THE DATA
◇ ◇ ◇ ◇
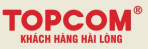 Công Ty CP TopCom Sài Gòn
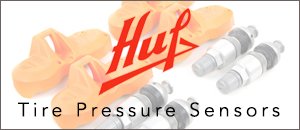 Tire Pressure Monitor Sensors | MINI Gen 2 R56 R55 R57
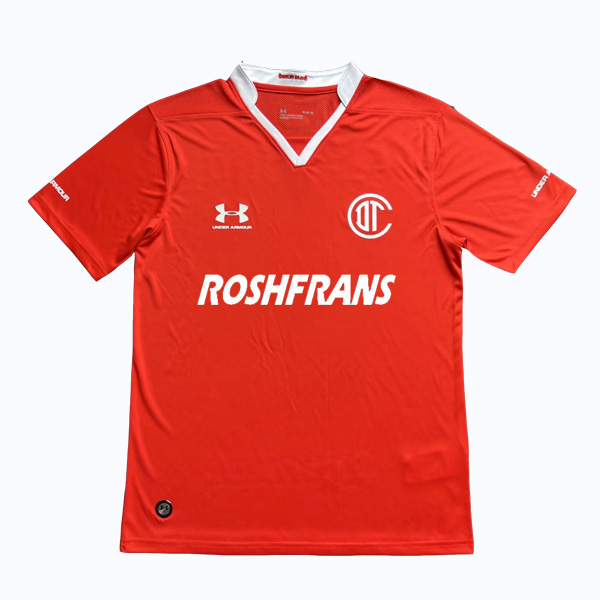 22-23 Toluca Home Jersey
◇ ◇ ◇ ◇
YOUR ASSIGNMENT
Copy out the listing word for word and skip its pictures.

RESPONSE TO THIS EXERCISE
 Công Ty CP TopCom Sài Gòn
 Tire Pressure Monitor Sensors | MINI Gen 2 R56 R55 R57
 22-23 Toluca Home Jersey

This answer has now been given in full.